(Information supplied Opens)
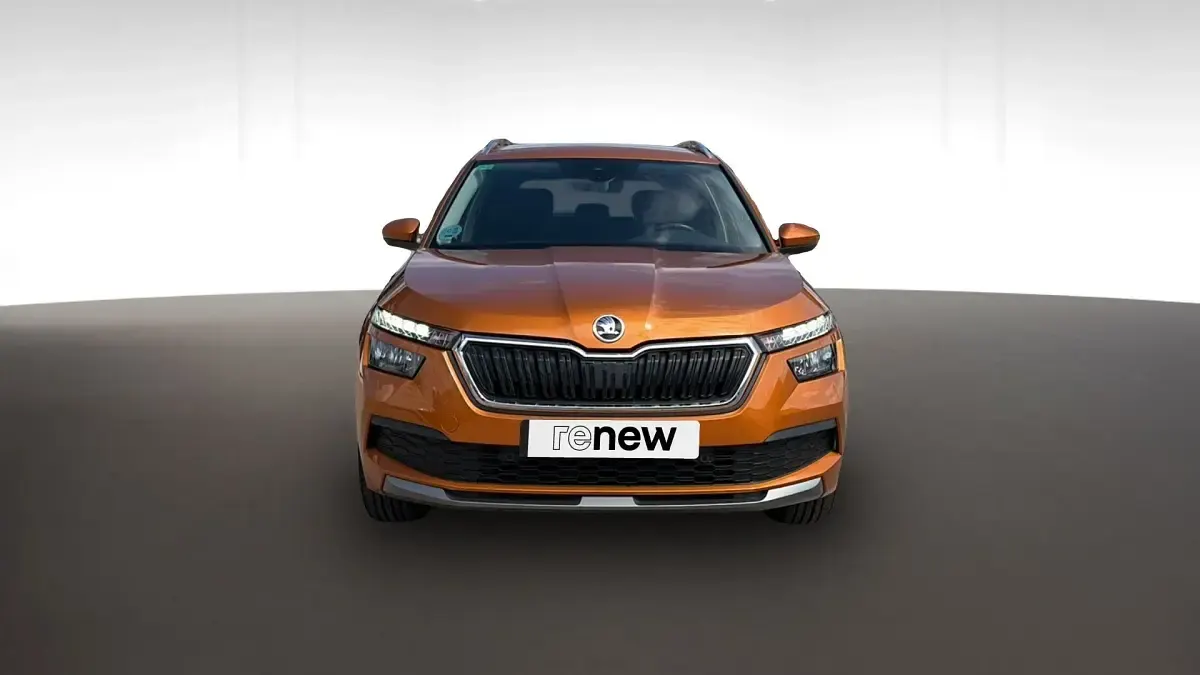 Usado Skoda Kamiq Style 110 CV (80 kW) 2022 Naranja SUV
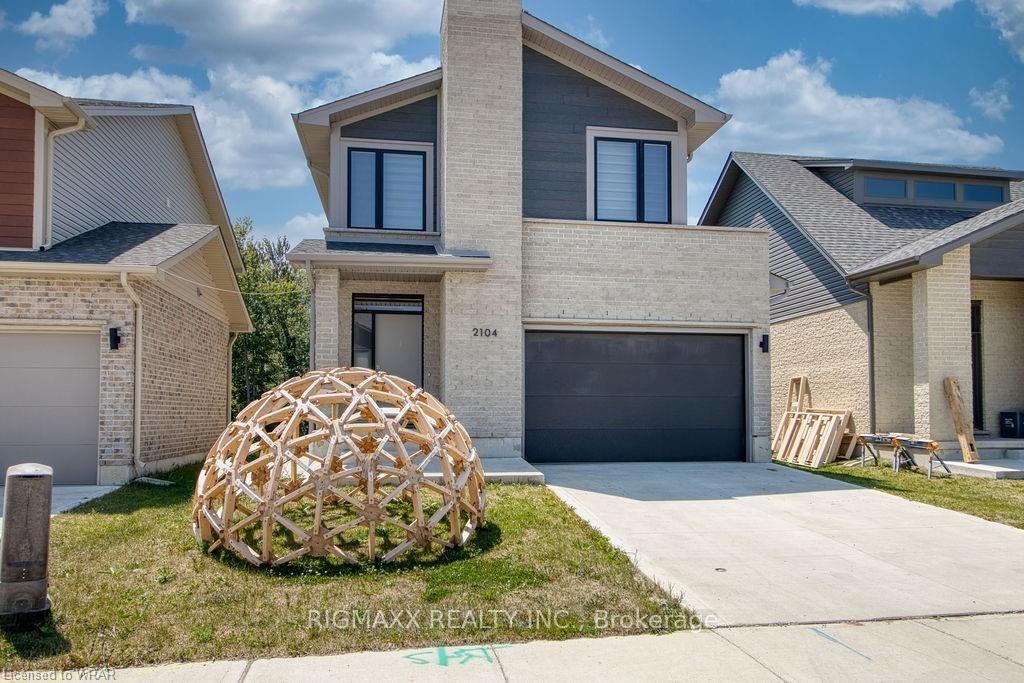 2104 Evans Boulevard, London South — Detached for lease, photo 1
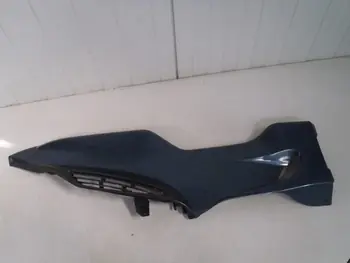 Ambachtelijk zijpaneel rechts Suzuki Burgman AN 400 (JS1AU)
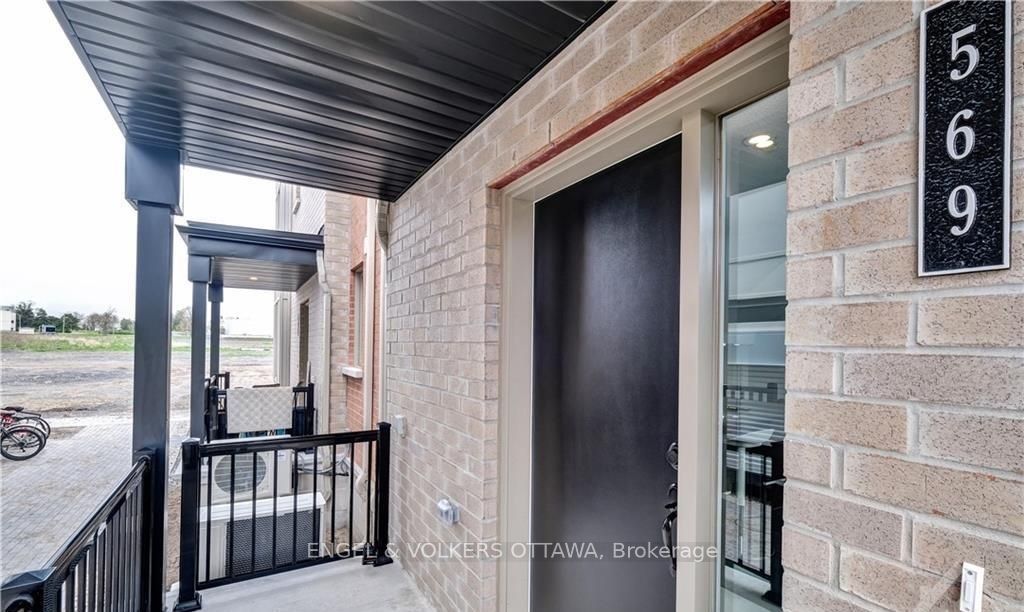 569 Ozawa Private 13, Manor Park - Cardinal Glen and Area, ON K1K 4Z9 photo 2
(Information supplied Closes)
:: Aim of the task ::
Retype the whole listing word for word. Skip the pictures.

:: Task solution ::
 Usado Skoda Kamiq Style 110 CV (80 kW) 2022 Naranja SUV
 2104 Evans Boulevard, London South — Detached for lease, photo 1
 Ambachtelijk zijpaneel rechts Suzuki Burgman AN 400 (JS1AU)
 569 Ozawa Private 13, Manor Park - Cardinal Glen and Area, ON K1K 4Z9 photo 2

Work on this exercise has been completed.